Resolving deltas: 100% (211854/211854), done.

[user@cn4210 deeplearning]$ cd caffe2/ && git checkout v0.8.1 && cd .. #get latest non-deprecated release
Checking out files: 100% (1267/1267), done.
Note: checking out 'v0.8.1'.

You are in 'detached HEAD' state. You can look around, make experimental
changes and commit them, and you can discard any commits you make in this
state without impacting any branches by performing another checkout.

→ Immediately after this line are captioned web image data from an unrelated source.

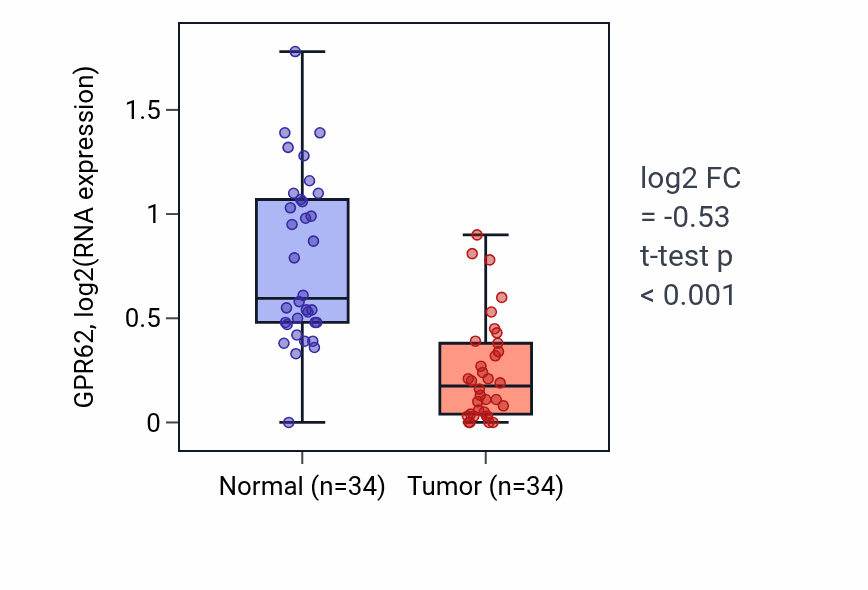 Tumor-vs-normal expression box plot for GPR62 in KIRC.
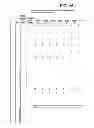 Fig. 09 - Anti-integrin β1 antibody compositions and methods of use thereof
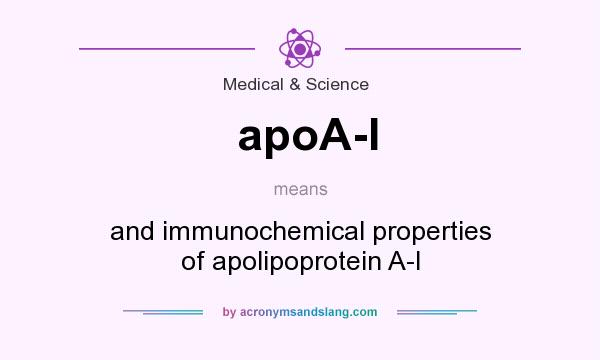 What does apoA-I mean? It stands for and immunochemical properties of apolipoprotein A-I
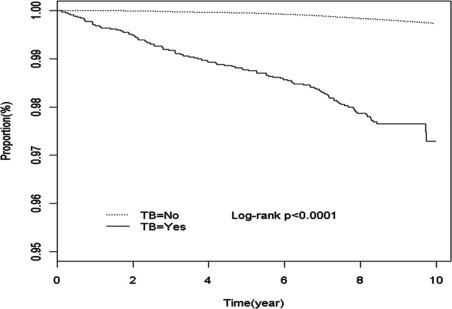 Patients with a history of tuberculosis are more likely to develop lung cancer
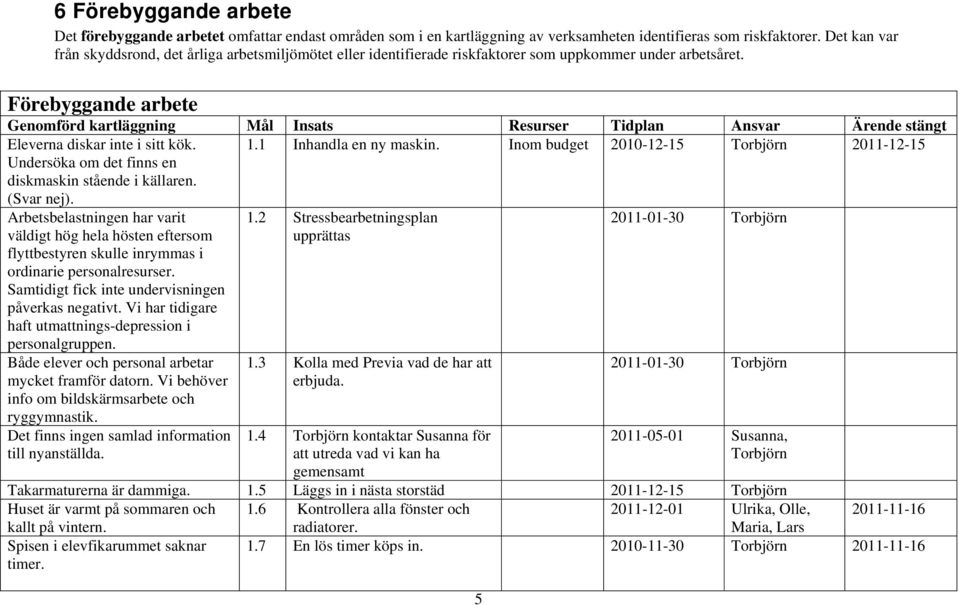 Förebyggande arbete Genomförd kartläggning Mål Insats Resurser Tidplan Ansvar Ärende stängt Eleverna diskar inte i sitt kök. 1.1 Inhandla en ny maskin.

If you want to create a new branch to retain commits you create, you may
do so (now or later) by using -b with the checkout command again. Example:

  git checkout -b new_branch_name

HEAD is now at 32f023f... Add conv layer and layer tests

[user@cn4210 deeplearning]$ python caffe2/caffe2/python/models/resnet_test.py
[...]
[I memonger.cc:239] Memonger saved approximately : 343.904 MB.
INFO:memonger:Memonger memory optimization took 0.0177371501923 secs
before: 880 after: 776
.
----------------------------------------------------------------------
Ran 3 tests in 19.429s

OK

[user@cn4210 deeplearning]$ cat > submit.sh <<'EOF'
#!/bin/bash
module load python/2.7 CUDA/10.2
python caffe2/caffe2/python/models/resnet_test.py
EOF

[user@cn4210 deeplearning]$ sbatch --partition=gpu --gres=gpu:k80:1,lscratch:10 --mem=20g -c14 submit.sh
45397997

[user@cn4210 deeplearning]$ exit
exit
salloc.exe: Relinquishing job allocation 45397884

[user@biowulf ~]$

Please see the multi-GPU deep learning page for training with more than 1 GPU.